AVAILABLE DATA:
# # # # # # #

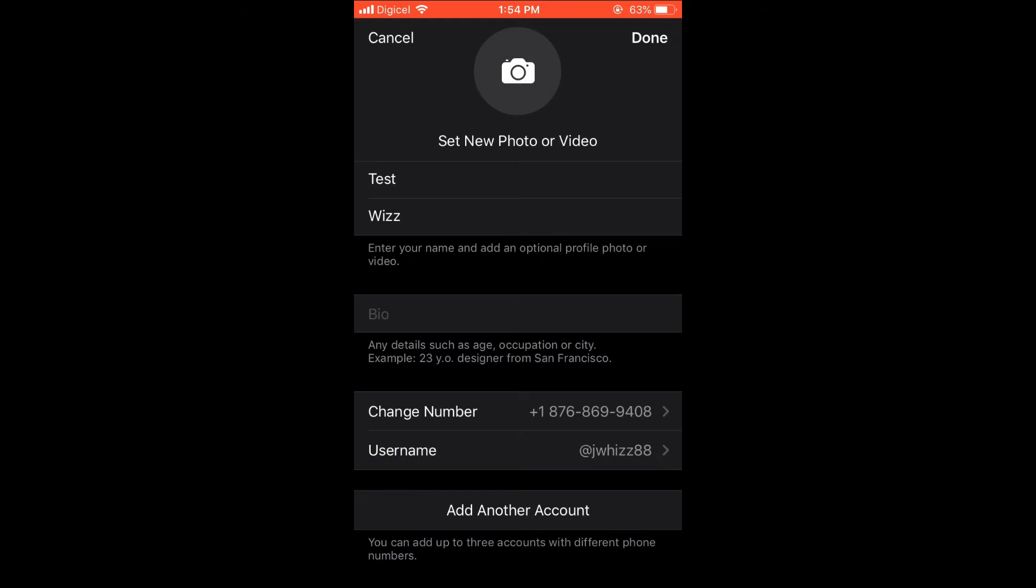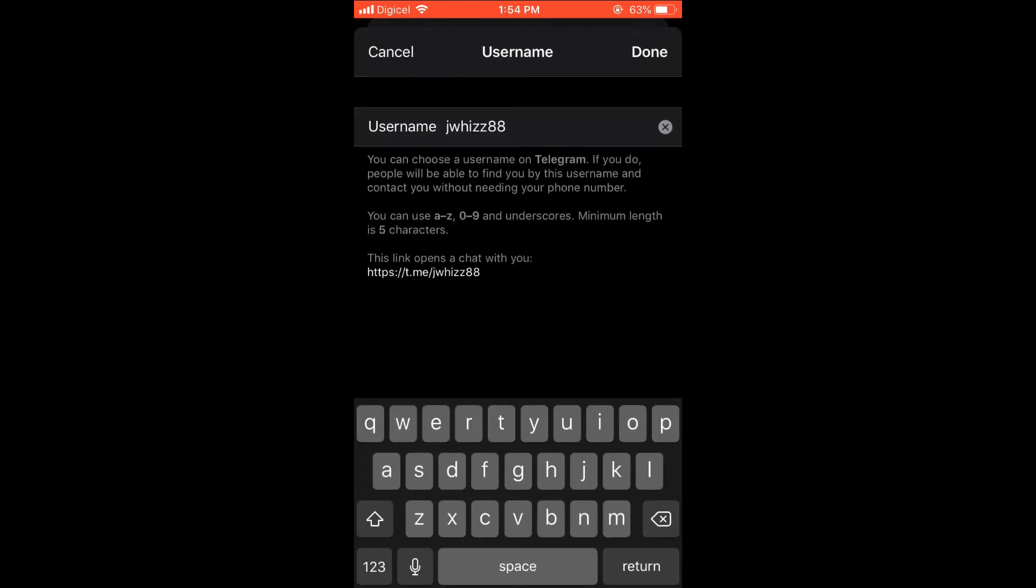And then you can see my current username. I will select it, and then you will simply press the X to clear it. Then you'll press Done.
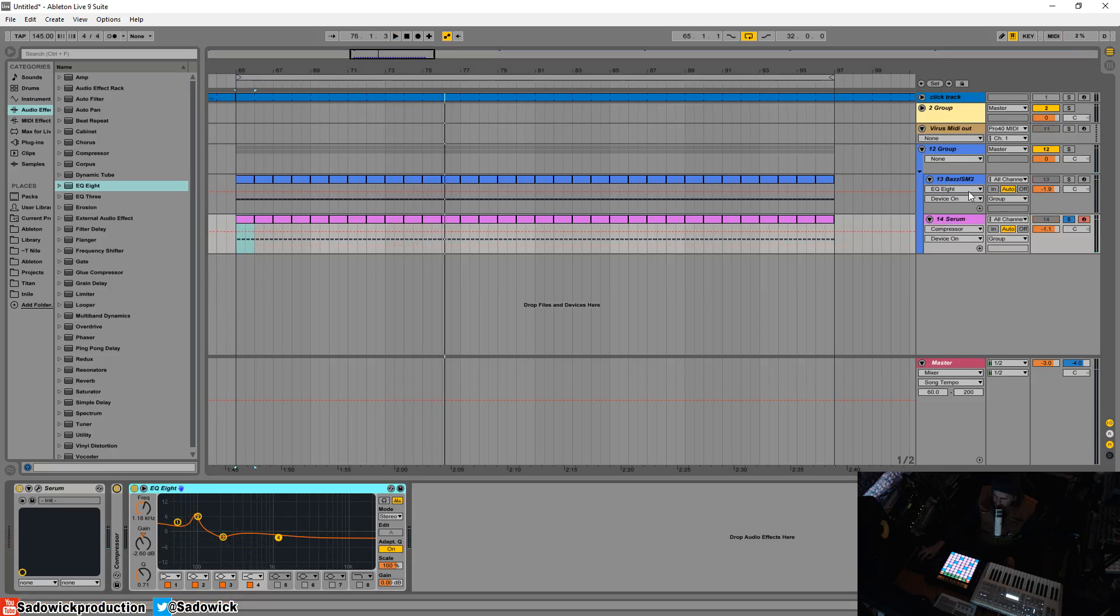That is the relationship between the kick and bass in Psytrance, done a little bit differently. This is just my take on it. I'm not an expert. Hope you learned something. Take care and have a good one.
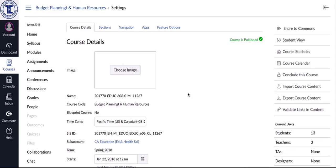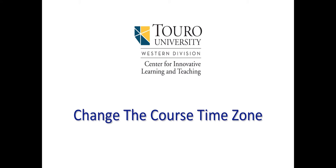So hopefully this will help you and your students. This has been a quick little video to show you how you can change the time zone in your individual courses so that it is on Pacific time.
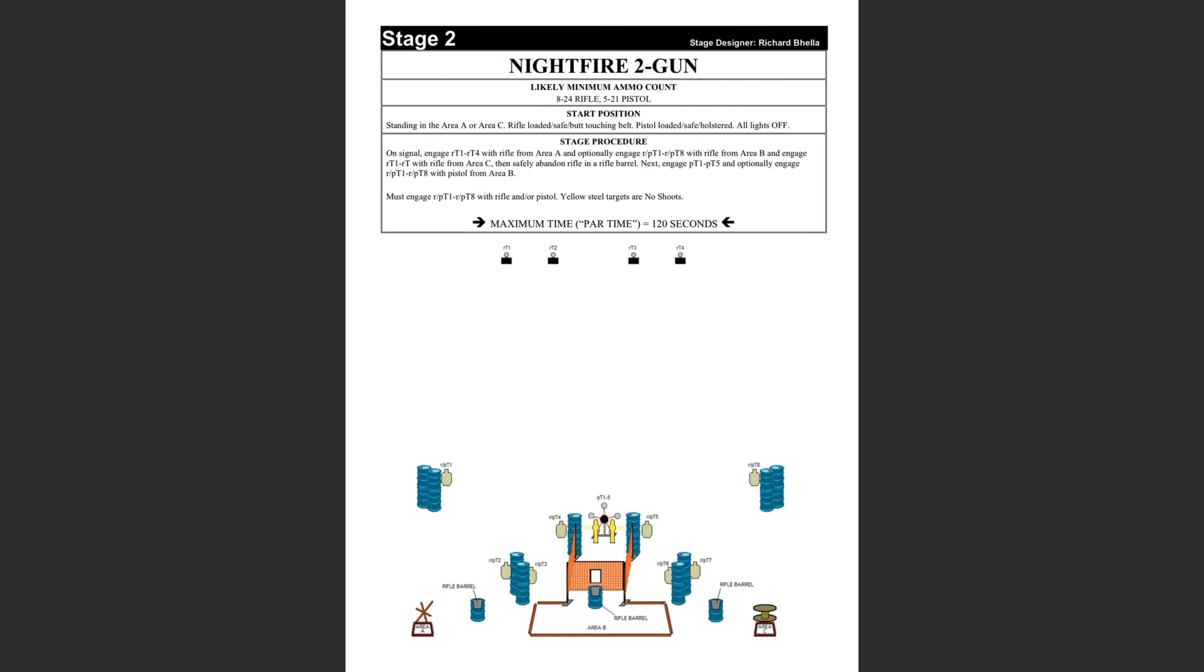On this stage, the shooter begins by engaging the four steel plates at the back of the range about 50 yards away. They have to engage them from both sides of the range. The paper can be pistol or rifle, and the Texas Star is going to be pistol only.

# # # # # # #

TASK GOAL: Write out the whole listing again, exactly, with no pictures.

ANSWER SPACE:
And then you can see my current username. I will select it, and then you will simply press the X to clear it. Then you'll press Done.
That is the relationship between the kick and bass in Psytrance, done a little bit differently. This is just my take on it. I'm not an expert. Hope you learned something. Take care and have a good one.
So hopefully this will help you and your students. This has been a quick little video to show you how you can change the time zone in your individual courses so that it is on Pacific time.
On this stage, the shooter begins by engaging the four steel plates at the back of the range about 50 yards away. They have to engage them from both sides of the range. The paper can be pistol or rifle, and the Texas Star is going to be pistol only.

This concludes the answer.